When determining countable income for gross income limits, the program counts both earned (wages and salaries) and unearned income. Unearned income includes but is not limited to government assistance payments such as TANF, SSI or GR; annuities; pensions; worker’s compensation and alimony. Examples of excluded income include but are not limited to payments from the Division of Child Support Enforcement to TANF families, loans and reimbursement for job-related expenses.
With the exception of categorically eligible households and households containing anyone older than 60 or disabled, the program has set maximum gross (before allowable deductions) income limits based on household size. A household of one cannot have a gross monthly income exceeding $1,287, and the limit increases by $448 to $451 for every additional person.

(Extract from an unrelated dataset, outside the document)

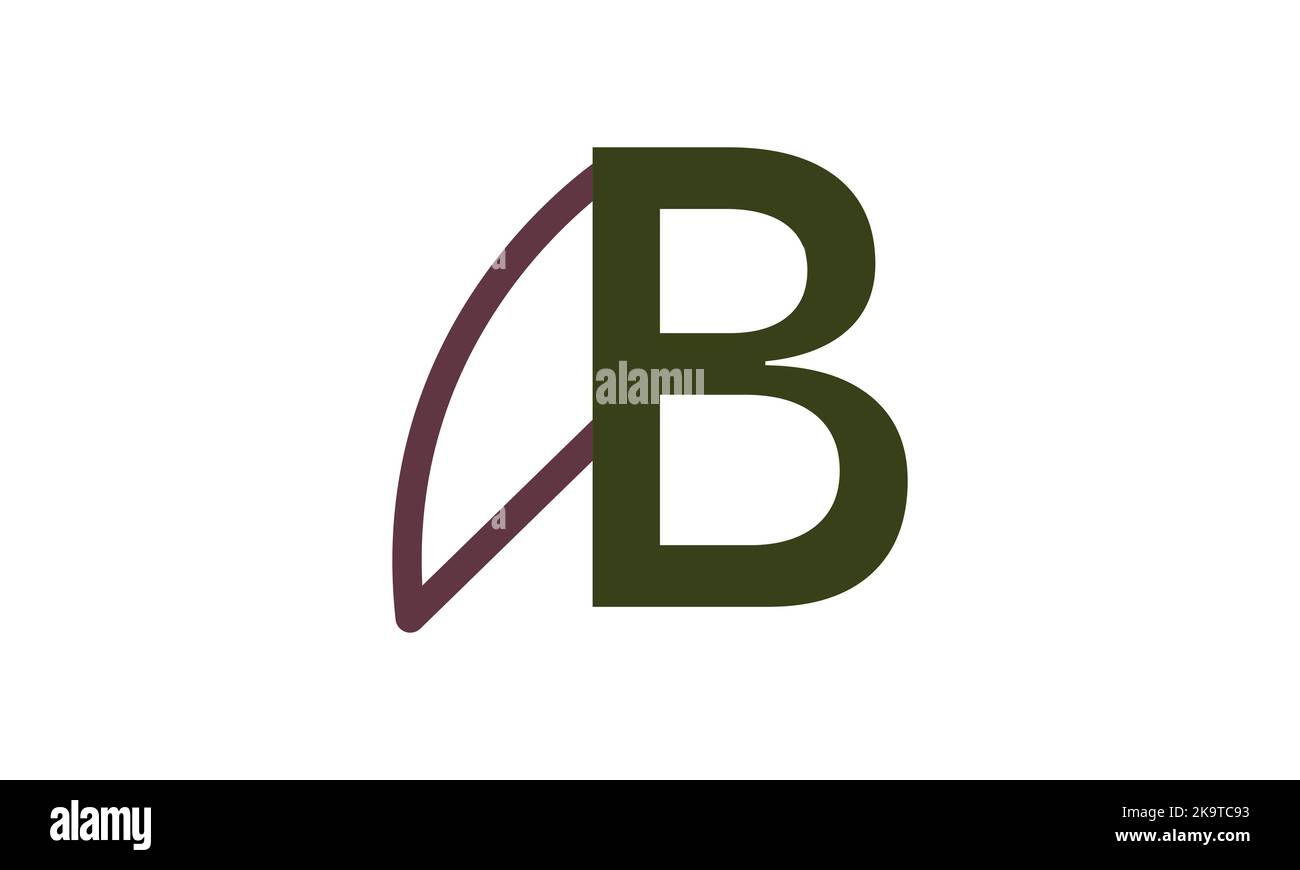 Lettere moderne AB, A e B Logo Design Template Vector. Illustrazione Vettoriale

Once a family has met eligibility requirements based on gross income, they must still meet net income requirements unless categorically eligible. The program allows for certain deductions to determine net income, including but not limited to a standard deduction ranging from $157 to $168 or more depending on family size, an earned income deduction of 20 percent, costs of shelter, dependent care and utilities. A household of one must not have a net income exceeding $990, increasing by $345 to 347 for every additional person.
In certain instances, the agency will require the household to provide proof of a deduction. If the household cannot provide proof within 30 days, the agency will have to proceed with determining eligibility without including that expense. If absence of this verifiable expense makes the family ineligible, they will have an additional 30 days to verify.